_Goal of the exercise_
All lines from the one containing "this 600×400 image." through the end of the material below are to be printed exactly, both ends included, minus pictures.

[Dataset extract]

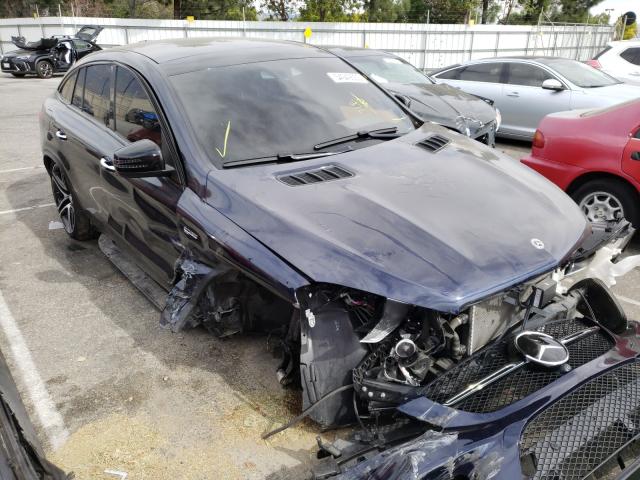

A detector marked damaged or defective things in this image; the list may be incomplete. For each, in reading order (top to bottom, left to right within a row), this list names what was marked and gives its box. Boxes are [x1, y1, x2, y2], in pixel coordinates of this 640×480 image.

crumpled hood [388, 81, 498, 132]
crumpled hood [206, 124, 592, 312]
damaged front end [296, 219, 640, 478]
detached bumper piece [520, 362, 640, 478]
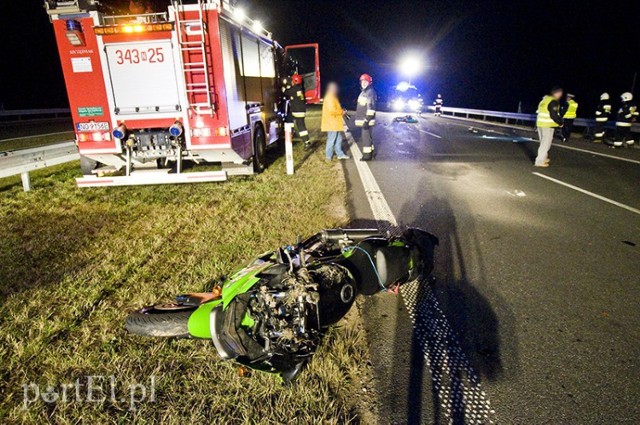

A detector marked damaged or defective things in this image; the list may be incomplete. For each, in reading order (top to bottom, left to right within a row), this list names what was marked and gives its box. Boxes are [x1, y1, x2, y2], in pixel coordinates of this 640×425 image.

crashed green motorcycle [126, 227, 436, 380]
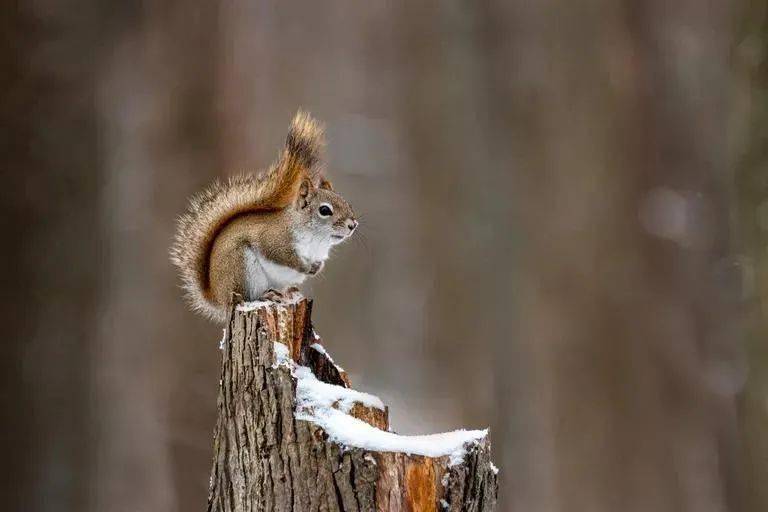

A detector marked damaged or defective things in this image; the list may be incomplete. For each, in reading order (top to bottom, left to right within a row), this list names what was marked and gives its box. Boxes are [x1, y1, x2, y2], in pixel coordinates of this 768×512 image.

splintered wood [210, 298, 498, 510]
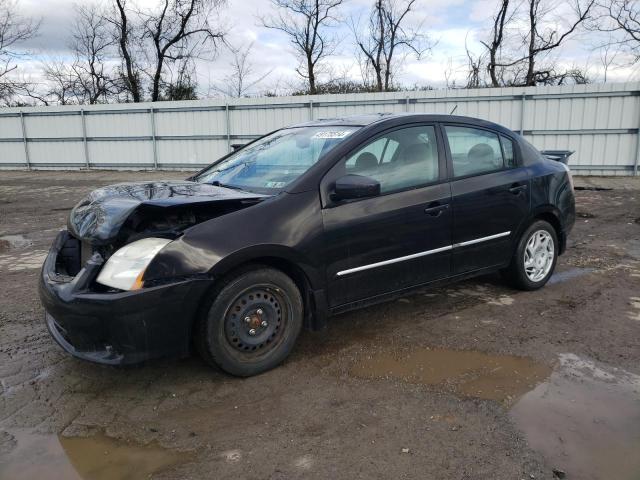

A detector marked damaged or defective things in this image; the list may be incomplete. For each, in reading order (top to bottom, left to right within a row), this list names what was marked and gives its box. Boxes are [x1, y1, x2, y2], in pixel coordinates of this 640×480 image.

crumpled hood [69, 182, 268, 246]
damaged bumper [38, 231, 211, 366]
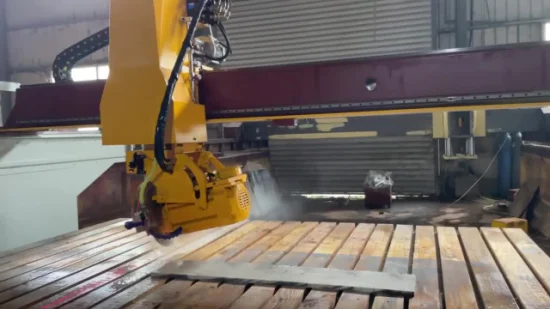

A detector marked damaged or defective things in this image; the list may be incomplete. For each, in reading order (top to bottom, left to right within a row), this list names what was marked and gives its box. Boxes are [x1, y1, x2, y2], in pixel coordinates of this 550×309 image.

rusty metal surface [3, 42, 550, 129]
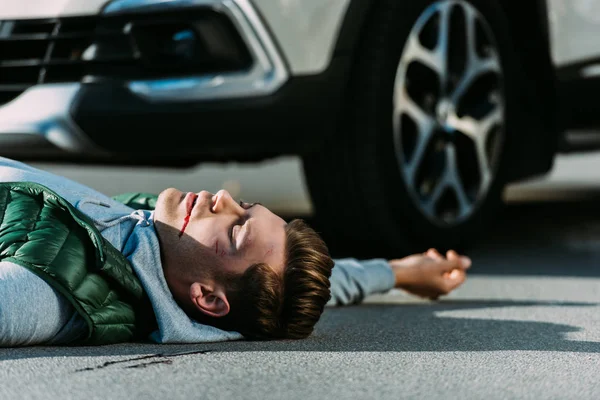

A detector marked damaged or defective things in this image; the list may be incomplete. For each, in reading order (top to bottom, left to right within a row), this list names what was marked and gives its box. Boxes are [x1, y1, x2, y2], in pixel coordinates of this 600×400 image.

crack in asphalt [74, 350, 212, 372]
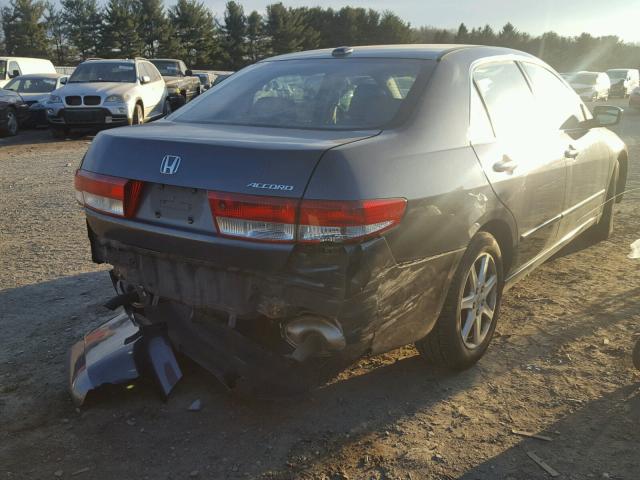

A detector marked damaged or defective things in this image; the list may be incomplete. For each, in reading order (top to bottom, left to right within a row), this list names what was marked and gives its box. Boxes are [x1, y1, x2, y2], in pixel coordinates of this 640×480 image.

broken tail light [74, 170, 144, 218]
broken tail light [206, 191, 404, 244]
damaged honda accord [67, 46, 628, 404]
detached bumper piece [68, 312, 182, 404]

[/Dataset extract]

_Your solution_
A detector marked damaged or defective things in this image; the list may be incomplete. For each, in reading order (top to bottom, left to right within a row), this list names what was marked and gives its box. Boxes are [x1, y1, x2, y2], in pixel coordinates of this 600×400 image.

crack in asphalt [74, 350, 212, 372]

A detector marked damaged or defective things in this image; the list may be incomplete. For each, in reading order (top to bottom, left to right within a row), this list names what was marked and gives its box. Boxes are [x1, y1, x2, y2], in pixel coordinates of this 640×480 image.

broken tail light [74, 170, 144, 218]
broken tail light [206, 191, 404, 244]
damaged honda accord [67, 46, 628, 404]
detached bumper piece [68, 312, 182, 404]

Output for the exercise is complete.